Il rappelle que les pandémies ont accompagné l’hominisation puisque les groupes humains vivaient à proximité des animaux sauvages tous réservoirs de virus et d’autres éléments pathogènes. Pour Descola, au XVIIe et au XVIIIe siècle, le rapide développement des sciences expérimentales et les techniques qui leurs sont liées, ont constitué une rupture définitive avec les anciennes continuités entre nature et culture. Pour légitimer idéologiquement cette rupture, les pouvoirs scientifiques et politiques « inventent la nature4 » c’est-à-dire diffusent la représentation d’une réalité qui devient de plus en plus étrangère aux hommes. Pensée par les philosophes et grâce au développement des sciences des techniques, elle a établi une séparation entre les humains et les non-humains. Cette « révolution mentale » a permis, selon lui, le développement du capitalisme industriel. Mais les conséquences de ce développement ont été largement méconnues. Aujourd’hui, poursuit-il, nous connaissons désormais l’interdépendance des « chaînes de la vie » mais cela ne modifie pas la marche de la logique capitaliste.

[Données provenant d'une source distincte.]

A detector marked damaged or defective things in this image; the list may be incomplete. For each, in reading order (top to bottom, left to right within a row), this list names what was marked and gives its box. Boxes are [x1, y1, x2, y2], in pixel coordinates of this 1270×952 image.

Descola, comme bien d’autres commentateurs avides de filer la métaphore virale, en vient alors à cette conclusion : « Nous sommes devenus des virus pour la planète ». [[pourquoi Temps Critiques ne retient-il pas que Descola souligne un « "fait social total". En ce sens, la pandémie est un réactif qui condense, non pas les singularités d’une société particulière, puisqu’elle est mondiale, mais certains traits du système qui régit le monde actuel, le capitalisme postindustriel. » « Ce n'est pas l'humanité en général, parce qu'une grande partie de l'humanité n'a pas d'effet destructeur sur les milieux de vie, c'est un projet [capitaliste, occidental et anthropocentriste] qui s'est mis en place il y a plus de trois siècles en Europe et qui a été adopté par d'autres civilisations. » ?]

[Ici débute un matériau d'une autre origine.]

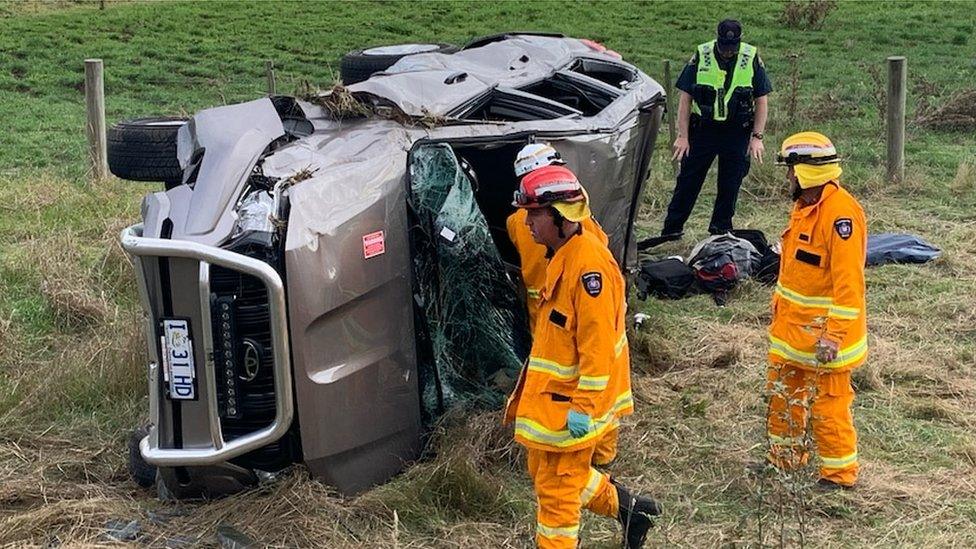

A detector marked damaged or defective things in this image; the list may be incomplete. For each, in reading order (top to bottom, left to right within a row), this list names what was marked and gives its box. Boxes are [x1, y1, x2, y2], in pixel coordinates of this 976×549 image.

overturned vehicle [114, 34, 664, 496]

Aux questions de son interlocuteur sur les moyens politiques susceptibles de contribuer à une sortie de système pathologique, l’anthropologue répond par… des mesures fiscales et juridiques : impôt écologique universel ; taxation des coûts écologiques de production et de transport ; attribution de la personnalité juridique à des milieux de vie ; promotion de conventions citoyennes tirées au sort ; instauration d’un revenu universel.

Ce qui frappe ici c’est l’écart entre l’ampleur planétaire des menaces à venir et l’étroitesse des réponses proposées. Après avoir dit que le capitalisme est globalement responsable de la catastrophe à venir — ce dont on peut convenir facilement — Descola incite les citoyens des États-nation [son cadre de référence] à engager ces derniers dans une « cosmopolitique » qui mette fin à la funeste séparation entre humains et non-humains. Comment, dès lors, allons-nous cesser d’être « des virus pour la planète » ? En adoptant les quelques mesures fiscales et juridiques que nous venons de voir ! Il y a vraiment loin de la coupe aux lèvres…

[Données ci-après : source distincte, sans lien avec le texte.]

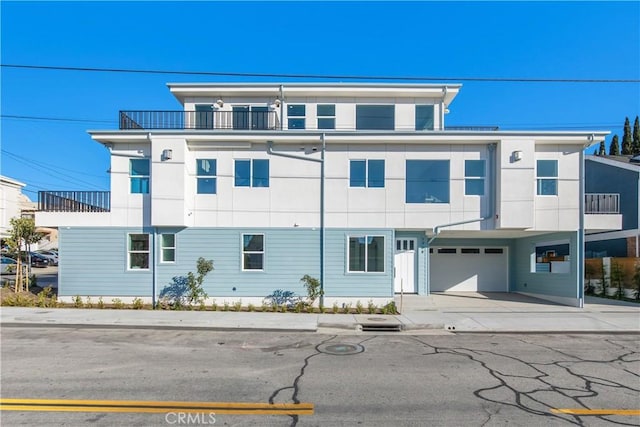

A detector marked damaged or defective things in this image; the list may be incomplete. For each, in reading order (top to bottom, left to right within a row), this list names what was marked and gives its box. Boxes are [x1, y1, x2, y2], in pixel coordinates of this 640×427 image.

crack in asphalt [268, 336, 378, 426]
crack in asphalt [410, 336, 640, 426]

3. « Nous sommes devenus des virus pour la planète » entretien avec Philippe Descola, Le Monde, 22 mai 2020.
4. La périodisation qu’énonce Philippe Descola est de courte portée. Les processus de séparation des hommes avec la nature extérieure sont bien antérieurs à l’émergence et aux développements des sciences modernes. Ils ont pris forme dès l’établissement des États (États-empire mésopotamiens, États-cité de la Grèce antique, États-royaux médiévaux) accompagnés par la création des villes, par la division de la société en castes, classes, puissances supérieures, par l’institution des religions et d’autres déterminations dites « civilisationnelles » du même ordre. L’appropriation de la nature extérieure, son exploitation, sa domestication et souvent sa destruction sont liées à ces processus de domination. Les biotopes des espèces animales ont commencé à se réduire dès les temps protohistoriques ; comme les déforestations s’accroître. À ce sujet, il ne faudrait pas oublier les destructions écologiques intenses et massives perpétrées par les despotismes antiques : déforestation de l’Attique, exploitation des sous-sols, massacres systématiques des animaux dans les sacrifices et les jeux. Sans pour autant parler, comme le font certains historiens, d’un capitalisme antique. La lutte pour le pouvoir et la puissance des toutes premières formes d’État s’avérait bien suffisante.